Material to process: Begin

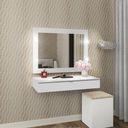 Ver imagem 2 de Espelho Camarim 68x90cm PE2006 Tecno Mobili Branco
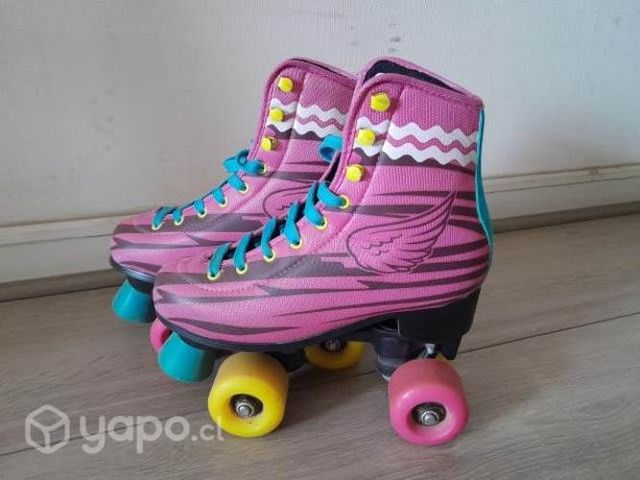 Patines 4 ruedas tipo Soy Luna, talla 35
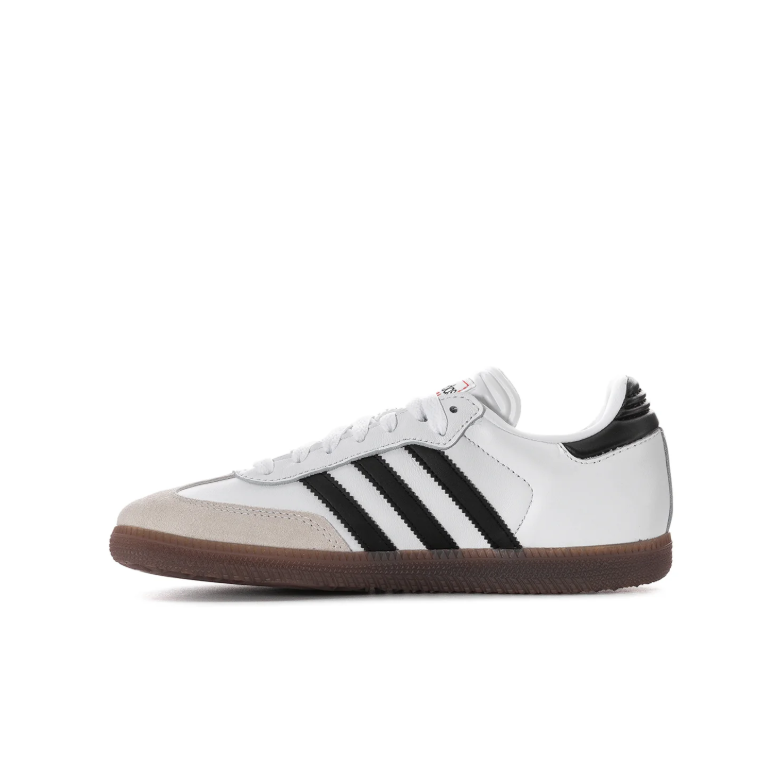 adidas Samba Sneakers - White and Black with Gum Sole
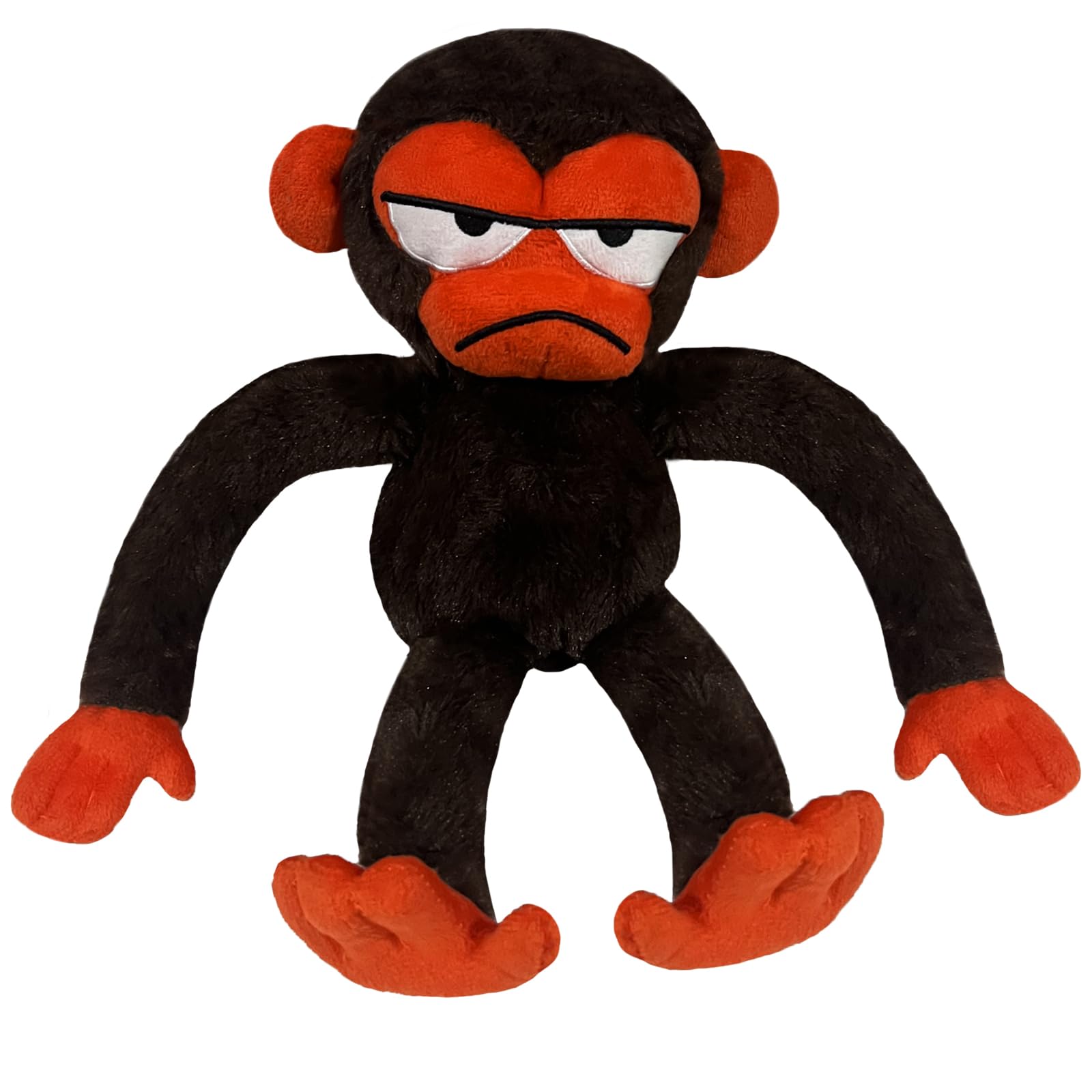 Yonomelo Cute Monkey Plush Toys, Monkey Stuffed Animal Plush Toys, Suitable Gifts for Boys and Girls, Bedroom Decoration Gifts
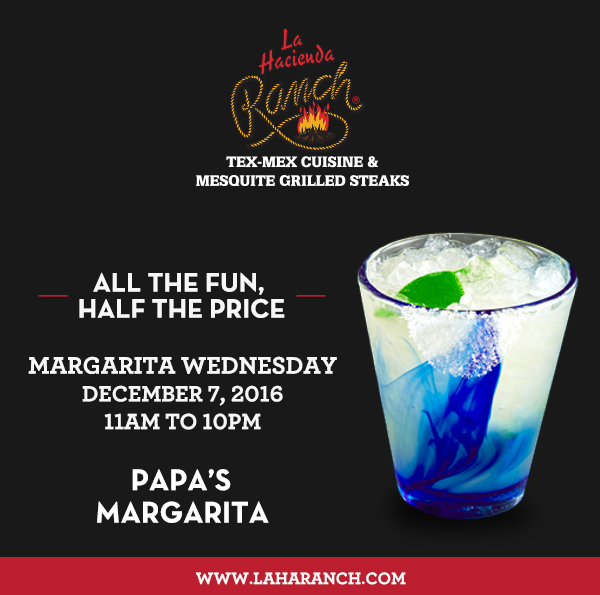 Margarita Wednesdays
							www.laharanch.com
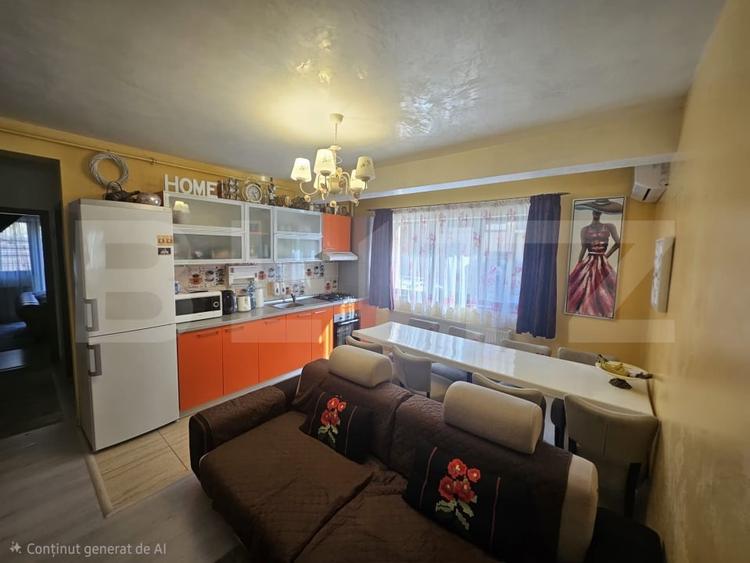 Apartament cu 3 camere semidecomandat, mobilat în Florești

Material to process: End

# Exercise prompt
Start with the line holding "Margarita Wednesdays" and repeat exactly every line through the final line of the records above, but no pictures and nothing more.

# Result for this task
 Margarita Wednesdays
							www.laharanch.com
 Apartament cu 3 camere semidecomandat, mobilat în Florești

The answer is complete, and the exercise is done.